I have always wanted to cut a card after seeing Bill Hayes do it on a video. I kept telling myself to wait till I got more proficient. Well, from ten yards I regularly hit 7 or 8 of 10 at a can. Even after it is cut in half I still hit it regularly. Today was the big day. I set up to cut a card. I only went 6 yards ( I heard someone else say that is where they started) drew back, and shot 20 shots at that thing and scared the crap out of it! Ha! A couple times I breezed right past touching the sides and knocking it over but never hit the card properly to cut it. Until I get better I guess I'll stick to scissors........ Thank God I know how use a lighter!


----------



## Charles (Aug 26, 2010)

But you can feel really good that at least you started! You will get it before long.

Cheers ..... Charles


----------



## catburn (Feb 1, 2012)

Keep after it. I have yet to cut a card clean at 10 meters. At around 6, it happens often enough to keep me interested.


----------



## Sofreto (May 10, 2012)

The only place I know that can cut cards is in Las Vegas

Cheers,

Sofreto


----------



## Aras (Apr 2, 2011)

catburn said:


> Keep after it. I have yet to cut a card clean at 10 meters. At around 6, it happens often enough to keep me interested.
> View attachment 21099


what ammo do you use?


----------



## rem50 (Jan 5, 2012)

Aras said:


> Keep after it. I have yet to cut a card clean at 10 meters. At around 6, it happens often enough to keep me interested.
> View attachment 21099


what ammo do you use?
[/quote]good question! I was using 3/8 steel myself


----------



## treefork (Feb 1, 2010)

Practice can be fun!


----------



## lightgeoduck (Apr 3, 2011)

treefork said:


> Practice can be fun!


That's for sure...and on the plus side, even if you don't get that cut, it will improve your skills on even the slightest bigger targets.. I am sure you will hit spoons and bottle caps in no time.

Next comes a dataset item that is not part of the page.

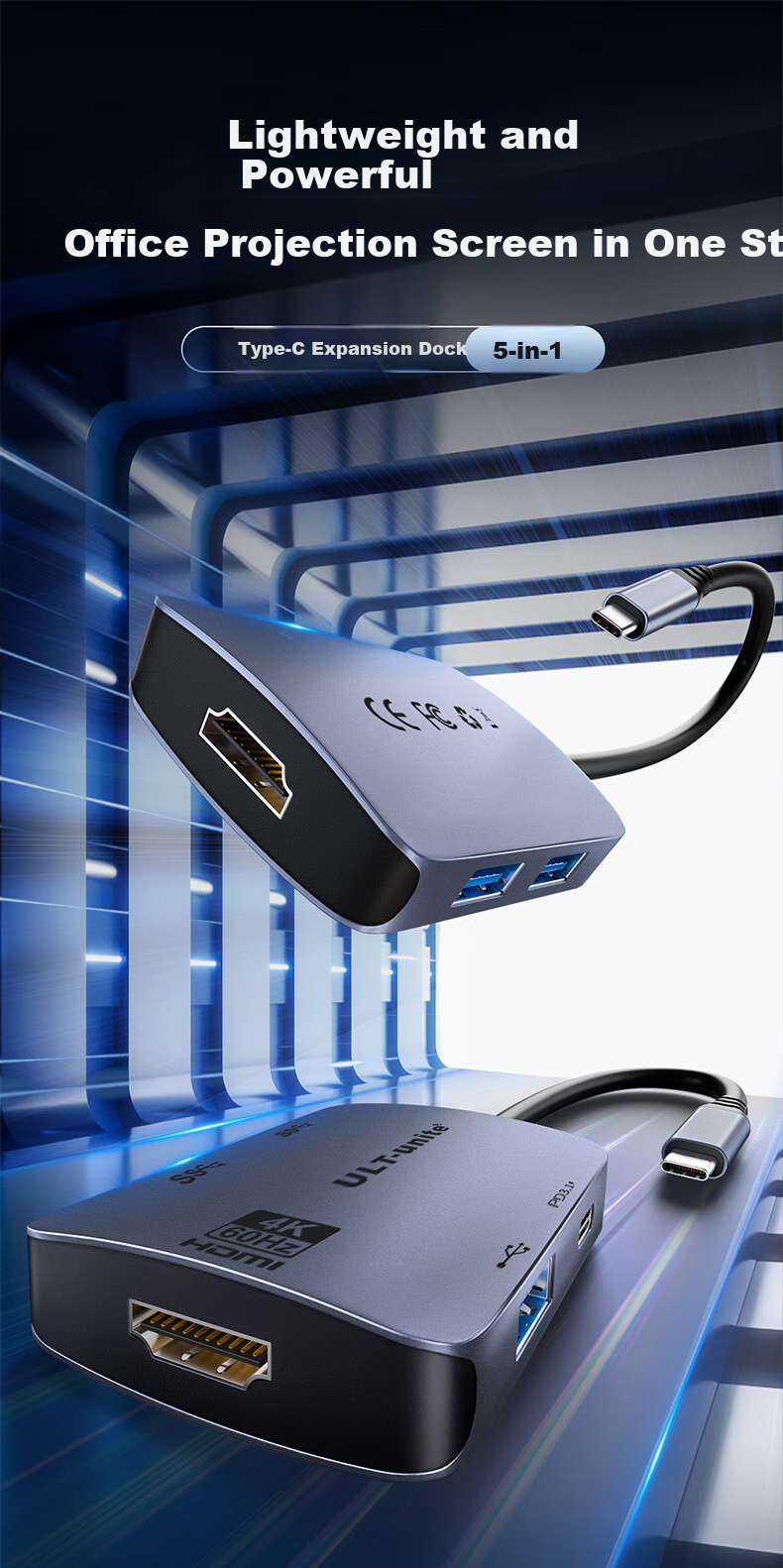 ULT-Unite Type-C Expansion Dock, USB3.0 Hub, HDMI Adapter, Compatible with Apple MacBook Computers, Converter for 4K60Hz Screen Casting, PD Charger, Five-I 1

As the saying goes " Aim small miss small"

LGD


----------



## Aras (Apr 2, 2011)

rem50 said:


> Keep after it. I have yet to cut a card clean at 10 meters. At around 6, it happens often enough to keep me interested.
> View attachment 21099


what ammo do you use?
[/quote]good question! I was using 3/8 steel myself
[/quote]
Well then I think I need stronger bands, I can only cut halfway of the card :C


----------



## catburn (Feb 1, 2012)

Aras said:


> Keep after it. I have yet to cut a card clean at 10 meters. At around 6, it happens often enough to keep me interested.
> View attachment 21099


what ammo do you use?
[/quote]good question! I was using 3/8 steel myself
[/quote]
Well then I think I need stronger bands, I can only cut halfway of the card :C
[/quote]
I'm partial to 7/16".


----------



## Berkshire bred (Mar 4, 2012)

i have yet to try to cut a card but i guess that it is the same idea as everything else to do with a slingshot, practice, practice,practice.


----------